Так продолжалось вот уже много месяцев, и Корделии иногда казалось, что сестра никогда не оправится от горя; по крайней мере, их отношениям явно не суждено было стать прежними. Возможно, все дело было в том, что с возрастом их интересы разошлись: скажем, обе они любили литературу, но Корделия всегда жертвовала книгой ради общения с сестрой, в то время как Беатрис, которая читала только романы, терпеть не могла, когда ее отвлекали. В своих воображаемых играх, где героями были животные, Корделия всегда представляла сестру кошкой. Беатрис унаследовала материнские миндалевидные глаза; у нее было узкое лицо с маленьким, четко очерченным подбородком, от чего скулы казались еще более высокими. Сейчас, в девятнадцать лет, она все больше походила на кошку, которая гуляет сама по себе: осторожная, молчаливая, диковатая, презирающая ласки. Такая сядет на колени только к тому, кого сама выберет. Корделия иногда винила себя в том, что сама придумала романтический идеал сестринской дружбы; и все же не могла избавиться от ощущения, будто со смертью отца сестра захлопнула перед ней дверь, и уже навсегда.

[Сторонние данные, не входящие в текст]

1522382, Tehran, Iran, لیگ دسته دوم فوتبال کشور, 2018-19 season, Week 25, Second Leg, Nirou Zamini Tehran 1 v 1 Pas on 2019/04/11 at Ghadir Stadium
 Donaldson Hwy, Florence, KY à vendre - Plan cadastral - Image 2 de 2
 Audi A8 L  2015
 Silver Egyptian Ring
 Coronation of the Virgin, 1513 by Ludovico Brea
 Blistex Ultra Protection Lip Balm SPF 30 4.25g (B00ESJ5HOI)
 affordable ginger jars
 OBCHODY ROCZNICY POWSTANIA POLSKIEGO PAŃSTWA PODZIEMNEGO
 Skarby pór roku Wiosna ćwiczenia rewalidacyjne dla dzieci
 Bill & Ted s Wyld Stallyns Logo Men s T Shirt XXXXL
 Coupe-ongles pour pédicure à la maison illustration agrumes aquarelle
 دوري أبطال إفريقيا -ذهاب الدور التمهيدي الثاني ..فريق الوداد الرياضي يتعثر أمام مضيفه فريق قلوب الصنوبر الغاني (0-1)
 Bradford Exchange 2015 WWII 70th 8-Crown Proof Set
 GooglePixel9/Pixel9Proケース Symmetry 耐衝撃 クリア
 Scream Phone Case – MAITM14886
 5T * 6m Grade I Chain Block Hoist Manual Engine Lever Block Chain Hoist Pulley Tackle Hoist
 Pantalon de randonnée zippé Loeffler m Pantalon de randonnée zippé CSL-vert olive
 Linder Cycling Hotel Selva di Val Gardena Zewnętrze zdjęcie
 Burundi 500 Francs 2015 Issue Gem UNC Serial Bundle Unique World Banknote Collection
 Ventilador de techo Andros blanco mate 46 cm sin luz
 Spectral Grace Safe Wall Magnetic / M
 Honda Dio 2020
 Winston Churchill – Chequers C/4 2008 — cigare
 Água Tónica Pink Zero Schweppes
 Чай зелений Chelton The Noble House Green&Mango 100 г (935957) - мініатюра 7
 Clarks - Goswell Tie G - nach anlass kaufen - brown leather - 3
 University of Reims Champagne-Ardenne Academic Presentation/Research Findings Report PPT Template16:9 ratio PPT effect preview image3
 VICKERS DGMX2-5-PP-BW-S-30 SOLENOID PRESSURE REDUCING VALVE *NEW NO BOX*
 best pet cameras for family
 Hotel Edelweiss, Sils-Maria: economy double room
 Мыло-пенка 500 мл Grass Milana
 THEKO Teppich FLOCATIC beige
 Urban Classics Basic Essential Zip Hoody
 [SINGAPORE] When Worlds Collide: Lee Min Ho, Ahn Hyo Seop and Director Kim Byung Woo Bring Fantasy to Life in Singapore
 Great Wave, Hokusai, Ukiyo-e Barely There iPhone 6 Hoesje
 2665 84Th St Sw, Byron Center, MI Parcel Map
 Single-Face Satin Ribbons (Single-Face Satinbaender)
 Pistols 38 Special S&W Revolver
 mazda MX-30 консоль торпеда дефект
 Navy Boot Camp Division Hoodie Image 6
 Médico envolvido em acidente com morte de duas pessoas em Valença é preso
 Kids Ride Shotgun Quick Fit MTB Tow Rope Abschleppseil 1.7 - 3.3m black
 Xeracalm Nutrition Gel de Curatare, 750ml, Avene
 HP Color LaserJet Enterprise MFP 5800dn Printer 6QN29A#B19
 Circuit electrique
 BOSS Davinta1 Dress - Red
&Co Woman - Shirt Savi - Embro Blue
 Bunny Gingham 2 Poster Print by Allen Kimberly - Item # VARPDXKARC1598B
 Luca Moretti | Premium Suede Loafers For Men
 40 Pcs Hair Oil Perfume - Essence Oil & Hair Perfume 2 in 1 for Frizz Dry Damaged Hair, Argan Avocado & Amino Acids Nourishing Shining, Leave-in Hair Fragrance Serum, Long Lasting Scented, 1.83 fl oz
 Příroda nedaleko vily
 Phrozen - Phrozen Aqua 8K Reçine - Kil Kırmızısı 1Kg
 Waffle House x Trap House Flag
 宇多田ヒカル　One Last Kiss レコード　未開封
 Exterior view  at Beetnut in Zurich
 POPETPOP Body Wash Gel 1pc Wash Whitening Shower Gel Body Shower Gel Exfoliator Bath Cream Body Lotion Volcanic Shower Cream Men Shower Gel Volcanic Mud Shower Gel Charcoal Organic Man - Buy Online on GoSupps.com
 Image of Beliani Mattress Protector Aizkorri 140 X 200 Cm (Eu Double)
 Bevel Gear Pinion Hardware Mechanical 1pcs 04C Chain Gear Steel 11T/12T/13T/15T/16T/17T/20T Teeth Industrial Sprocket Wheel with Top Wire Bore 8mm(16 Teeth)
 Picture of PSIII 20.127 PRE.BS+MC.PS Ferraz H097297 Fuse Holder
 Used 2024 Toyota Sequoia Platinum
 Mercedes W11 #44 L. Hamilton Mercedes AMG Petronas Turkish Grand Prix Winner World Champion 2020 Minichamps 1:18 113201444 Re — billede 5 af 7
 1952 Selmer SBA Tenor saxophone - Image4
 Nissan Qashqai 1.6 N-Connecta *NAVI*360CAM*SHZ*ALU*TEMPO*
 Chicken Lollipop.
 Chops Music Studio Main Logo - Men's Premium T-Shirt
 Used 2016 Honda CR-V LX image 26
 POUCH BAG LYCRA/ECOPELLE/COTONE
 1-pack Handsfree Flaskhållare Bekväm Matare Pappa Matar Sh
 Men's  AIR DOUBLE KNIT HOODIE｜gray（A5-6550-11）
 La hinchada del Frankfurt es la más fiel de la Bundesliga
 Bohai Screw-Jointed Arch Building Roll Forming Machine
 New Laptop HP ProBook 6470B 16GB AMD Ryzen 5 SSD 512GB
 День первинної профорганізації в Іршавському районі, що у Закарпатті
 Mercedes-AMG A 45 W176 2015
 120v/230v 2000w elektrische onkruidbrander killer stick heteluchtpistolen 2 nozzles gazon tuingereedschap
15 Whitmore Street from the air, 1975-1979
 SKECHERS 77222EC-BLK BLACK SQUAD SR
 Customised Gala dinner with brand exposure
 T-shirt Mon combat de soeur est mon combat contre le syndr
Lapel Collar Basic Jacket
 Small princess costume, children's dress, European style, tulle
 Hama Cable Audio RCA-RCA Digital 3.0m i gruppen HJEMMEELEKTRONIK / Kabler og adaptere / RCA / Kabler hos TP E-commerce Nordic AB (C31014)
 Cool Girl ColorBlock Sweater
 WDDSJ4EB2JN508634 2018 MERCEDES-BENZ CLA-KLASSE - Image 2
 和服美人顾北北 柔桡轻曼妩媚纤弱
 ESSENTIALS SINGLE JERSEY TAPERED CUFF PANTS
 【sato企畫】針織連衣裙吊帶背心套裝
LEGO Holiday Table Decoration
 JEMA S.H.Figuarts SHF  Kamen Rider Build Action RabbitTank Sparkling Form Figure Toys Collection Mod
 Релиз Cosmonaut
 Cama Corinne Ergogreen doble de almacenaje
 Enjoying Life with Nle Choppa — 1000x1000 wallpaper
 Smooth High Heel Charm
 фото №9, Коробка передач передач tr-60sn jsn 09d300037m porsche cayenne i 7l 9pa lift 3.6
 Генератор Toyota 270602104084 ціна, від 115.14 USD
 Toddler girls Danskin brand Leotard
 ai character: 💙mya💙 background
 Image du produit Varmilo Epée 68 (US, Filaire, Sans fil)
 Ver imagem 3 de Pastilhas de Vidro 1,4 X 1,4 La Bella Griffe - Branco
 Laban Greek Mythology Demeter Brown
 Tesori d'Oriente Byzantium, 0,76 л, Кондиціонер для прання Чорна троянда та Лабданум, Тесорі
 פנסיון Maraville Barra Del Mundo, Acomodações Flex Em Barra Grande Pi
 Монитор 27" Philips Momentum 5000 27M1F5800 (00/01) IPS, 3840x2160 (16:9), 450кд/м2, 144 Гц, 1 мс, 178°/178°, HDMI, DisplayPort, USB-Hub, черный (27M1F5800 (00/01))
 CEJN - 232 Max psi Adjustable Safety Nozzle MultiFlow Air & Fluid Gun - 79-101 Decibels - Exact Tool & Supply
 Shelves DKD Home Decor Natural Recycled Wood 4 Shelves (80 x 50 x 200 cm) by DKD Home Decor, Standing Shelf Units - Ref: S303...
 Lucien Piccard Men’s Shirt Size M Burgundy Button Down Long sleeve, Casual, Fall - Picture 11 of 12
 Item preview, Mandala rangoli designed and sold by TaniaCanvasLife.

Беатрис вела себя так, будто между ними ничего не изменилось, но настораживало то, с какой ловкостью она уходила от общения с сестрой. Своим поведением она словно говорила: «Ты нанесла мне глубокую рану, хотя и делаешь вид, будто не понимаешь, в чем дело; что ж, ссориться я не буду, в этом нет смысла; разумеется, мы останемся друзьями, но я больше не смогу доверять тебе. А насчет двери, которую я, по-твоему, захлопнула, ты ошибаешься; это ты закрыла ее; а может, никакой двери и вовсе не было, одна лишь голая стена; впрочем, другого ты и не заслуживаешь». Корделия беспрестанно терзала себя подобными мыслями, даже тайком спрашивала у дяди и тети, чем она могла обидеть сестру, но нет, Беатрис не откровенничала с ними и вообще не говорила о ней плохо. «Ты не должна принимать это на свой счет, – сказал ей на днях дядя Теодор. – Просто вы с сестрой очень разные; она человек замкнутый, держит все в себе, а ты открыта для всех. Думаю, ей вряд ли удастся смириться со смертью отца. А ты запомни: нельзя казнить себя за то, в чем ты не виновата».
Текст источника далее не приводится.